The listing below must be repeated word for word, without its pictures.

■ Information supplied:
<<<<

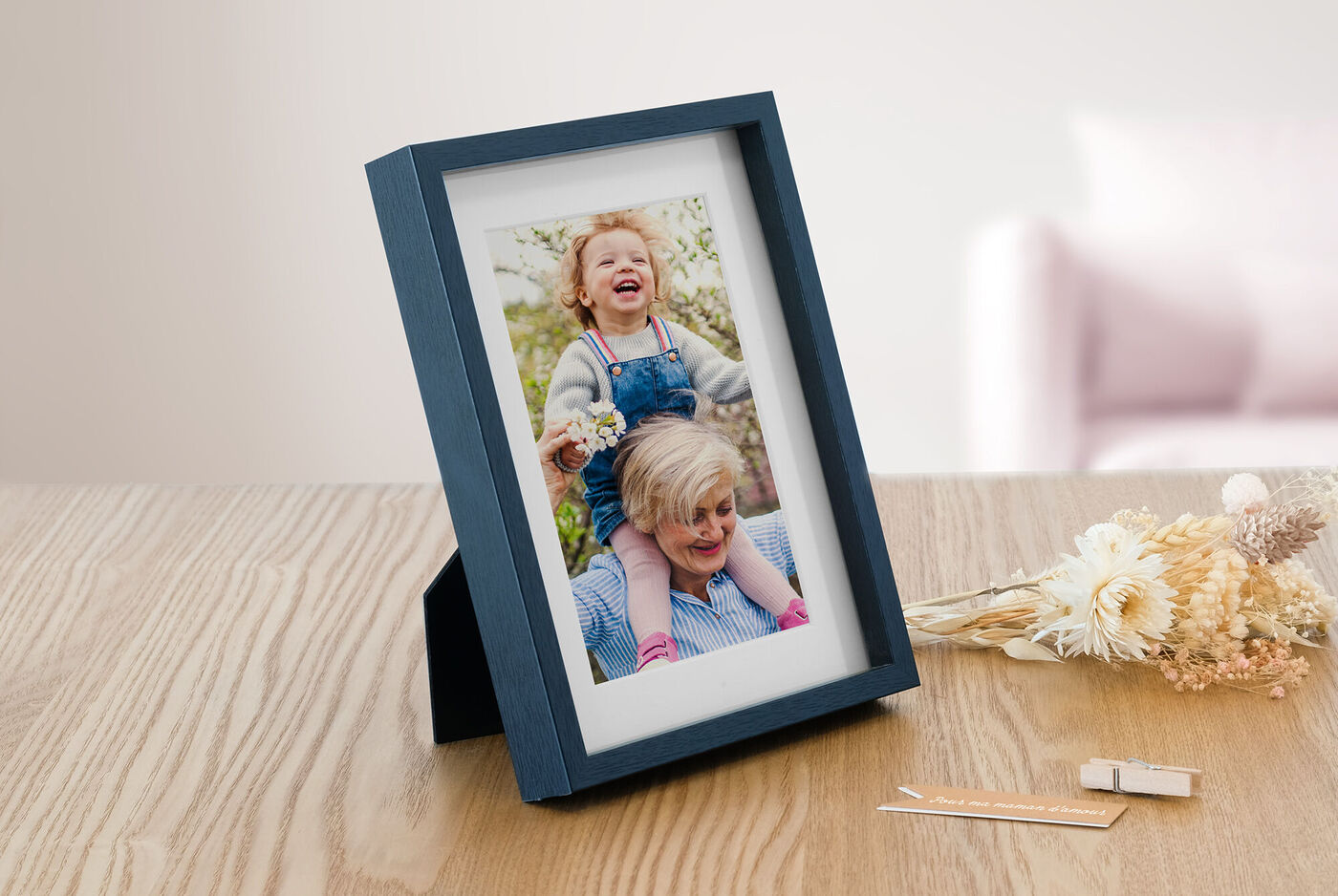 Des enfants souriants dans un joli cadre, entourés de fleurs séchées et de matériel d'artisanat.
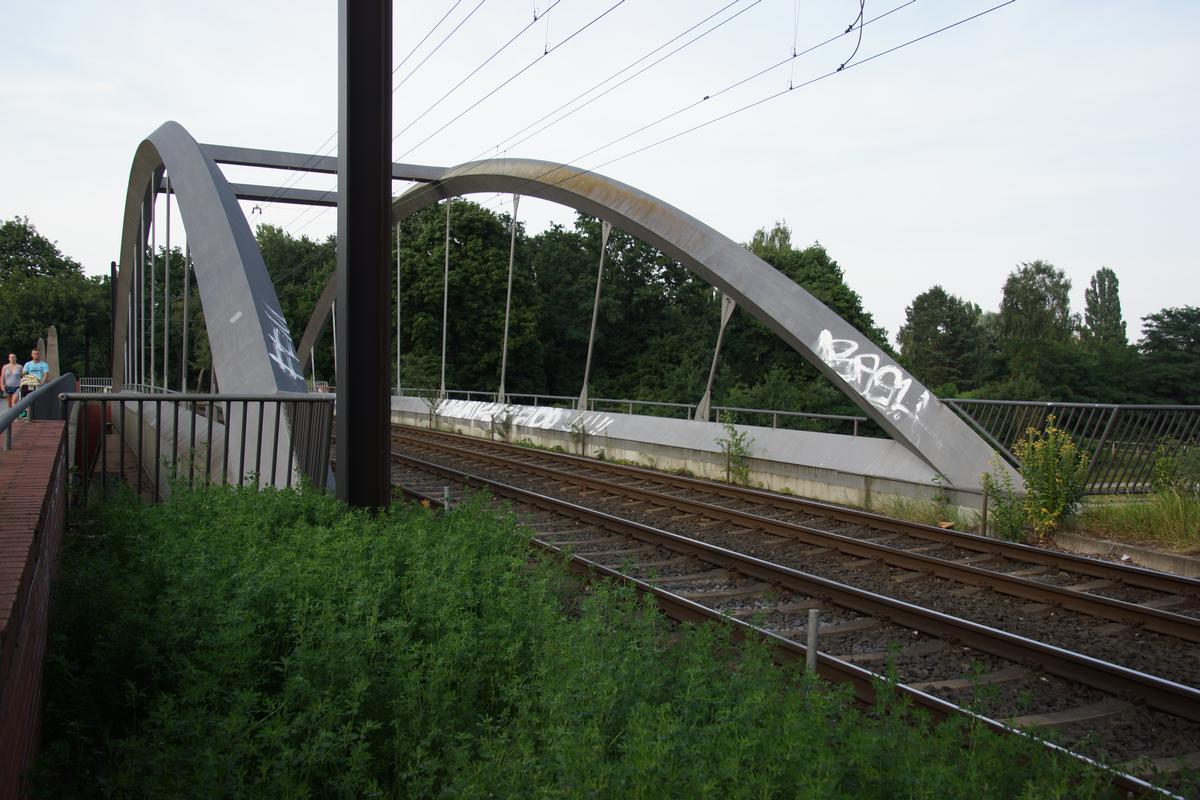 Grosser Kolonnenweg Tramway Bridge 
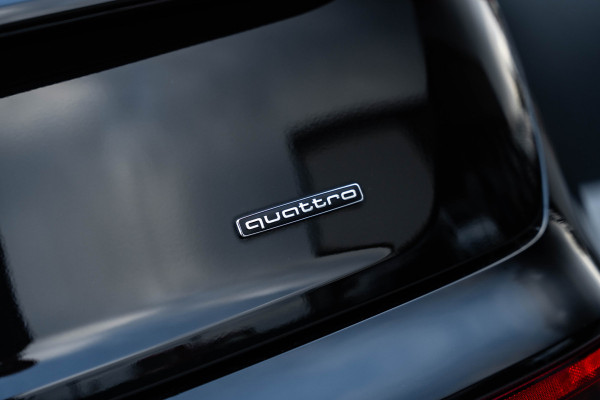 Audi Q5 50 TFSI e - S-Line | Panorama | Keyless | Dealer o.h.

>>>>

■ Response area:
 Des enfants souriants dans un joli cadre, entourés de fleurs séchées et de matériel d'artisanat.
 Grosser Kolonnenweg Tramway Bridge 
 Audi Q5 50 TFSI e - S-Line | Panorama | Keyless | Dealer o.h.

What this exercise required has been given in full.